[Short descriptive text snippets]
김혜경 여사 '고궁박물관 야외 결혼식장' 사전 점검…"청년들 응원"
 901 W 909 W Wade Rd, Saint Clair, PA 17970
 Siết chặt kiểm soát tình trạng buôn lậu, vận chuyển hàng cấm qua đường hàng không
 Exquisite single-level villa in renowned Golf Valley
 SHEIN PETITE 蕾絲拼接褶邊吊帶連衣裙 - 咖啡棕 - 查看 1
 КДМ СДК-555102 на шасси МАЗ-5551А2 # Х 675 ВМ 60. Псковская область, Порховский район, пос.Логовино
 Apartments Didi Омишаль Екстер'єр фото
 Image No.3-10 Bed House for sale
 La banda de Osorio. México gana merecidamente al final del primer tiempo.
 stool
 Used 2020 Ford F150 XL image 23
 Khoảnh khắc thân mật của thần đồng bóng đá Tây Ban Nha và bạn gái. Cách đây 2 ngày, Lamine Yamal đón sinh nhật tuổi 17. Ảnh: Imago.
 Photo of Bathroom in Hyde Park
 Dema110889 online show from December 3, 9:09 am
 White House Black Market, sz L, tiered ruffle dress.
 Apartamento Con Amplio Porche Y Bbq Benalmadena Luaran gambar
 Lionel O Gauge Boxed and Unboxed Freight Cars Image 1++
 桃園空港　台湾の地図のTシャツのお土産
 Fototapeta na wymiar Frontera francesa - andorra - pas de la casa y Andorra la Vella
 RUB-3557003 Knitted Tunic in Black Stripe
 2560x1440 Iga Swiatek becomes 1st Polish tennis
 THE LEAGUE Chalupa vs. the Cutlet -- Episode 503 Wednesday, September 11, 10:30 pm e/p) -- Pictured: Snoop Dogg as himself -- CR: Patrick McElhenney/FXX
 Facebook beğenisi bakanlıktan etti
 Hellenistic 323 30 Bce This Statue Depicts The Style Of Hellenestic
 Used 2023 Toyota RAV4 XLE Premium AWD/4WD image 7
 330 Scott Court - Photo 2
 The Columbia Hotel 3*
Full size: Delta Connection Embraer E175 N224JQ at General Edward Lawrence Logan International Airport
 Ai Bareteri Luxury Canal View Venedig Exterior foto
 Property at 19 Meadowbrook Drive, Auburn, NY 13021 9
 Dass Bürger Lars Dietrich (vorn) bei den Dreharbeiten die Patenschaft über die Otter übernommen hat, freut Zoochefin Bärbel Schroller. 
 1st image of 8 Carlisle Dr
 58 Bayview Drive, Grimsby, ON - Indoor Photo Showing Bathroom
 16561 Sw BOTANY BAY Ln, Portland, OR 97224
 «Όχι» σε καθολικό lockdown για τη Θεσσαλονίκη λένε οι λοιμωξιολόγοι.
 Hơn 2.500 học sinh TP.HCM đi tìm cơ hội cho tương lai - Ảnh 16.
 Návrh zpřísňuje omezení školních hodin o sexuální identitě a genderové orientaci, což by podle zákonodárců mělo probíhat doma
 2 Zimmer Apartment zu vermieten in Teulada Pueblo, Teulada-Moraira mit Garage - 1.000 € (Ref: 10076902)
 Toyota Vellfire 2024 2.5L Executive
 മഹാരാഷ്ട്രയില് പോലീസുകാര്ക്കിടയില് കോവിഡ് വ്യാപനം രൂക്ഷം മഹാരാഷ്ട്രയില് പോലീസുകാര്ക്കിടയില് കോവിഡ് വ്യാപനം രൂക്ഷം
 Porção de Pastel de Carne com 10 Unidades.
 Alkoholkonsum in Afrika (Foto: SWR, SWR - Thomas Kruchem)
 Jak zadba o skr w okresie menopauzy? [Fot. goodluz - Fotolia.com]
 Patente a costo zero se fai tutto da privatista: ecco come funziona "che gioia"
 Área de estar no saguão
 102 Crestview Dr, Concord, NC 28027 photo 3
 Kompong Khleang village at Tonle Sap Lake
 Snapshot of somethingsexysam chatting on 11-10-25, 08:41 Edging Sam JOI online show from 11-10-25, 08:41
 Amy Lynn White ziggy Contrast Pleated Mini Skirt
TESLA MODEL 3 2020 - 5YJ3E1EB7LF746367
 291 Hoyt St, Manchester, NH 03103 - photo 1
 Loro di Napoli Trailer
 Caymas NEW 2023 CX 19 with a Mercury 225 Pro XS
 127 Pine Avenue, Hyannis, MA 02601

PROBLEM TO SOLVE — Only one stretch of the records above is wanted: the lines between the one holding "1st image of 8 Carlisle Dr" and the one holding "Jak zadba o", inclusive, reproduced exactly.

ANSWER TO THE PROBLEM —
 1st image of 8 Carlisle Dr
 58 Bayview Drive, Grimsby, ON - Indoor Photo Showing Bathroom
 16561 Sw BOTANY BAY Ln, Portland, OR 97224
 «Όχι» σε καθολικό lockdown για τη Θεσσαλονίκη λένε οι λοιμωξιολόγοι.
 Hơn 2.500 học sinh TP.HCM đi tìm cơ hội cho tương lai - Ảnh 16.
 Návrh zpřísňuje omezení školních hodin o sexuální identitě a genderové orientaci, což by podle zákonodárců mělo probíhat doma
 2 Zimmer Apartment zu vermieten in Teulada Pueblo, Teulada-Moraira mit Garage - 1.000 € (Ref: 10076902)
 Toyota Vellfire 2024 2.5L Executive
 മഹാരാഷ്ട്രയില് പോലീസുകാര്ക്കിടയില് കോവിഡ് വ്യാപനം രൂക്ഷം മഹാരാഷ്ട്രയില് പോലീസുകാര്ക്കിടയില് കോവിഡ് വ്യാപനം രൂക്ഷം
 Porção de Pastel de Carne com 10 Unidades.
 Alkoholkonsum in Afrika (Foto: SWR, SWR - Thomas Kruchem)
 Jak zadba o skr w okresie menopauzy? [Fot. goodluz - Fotolia.com]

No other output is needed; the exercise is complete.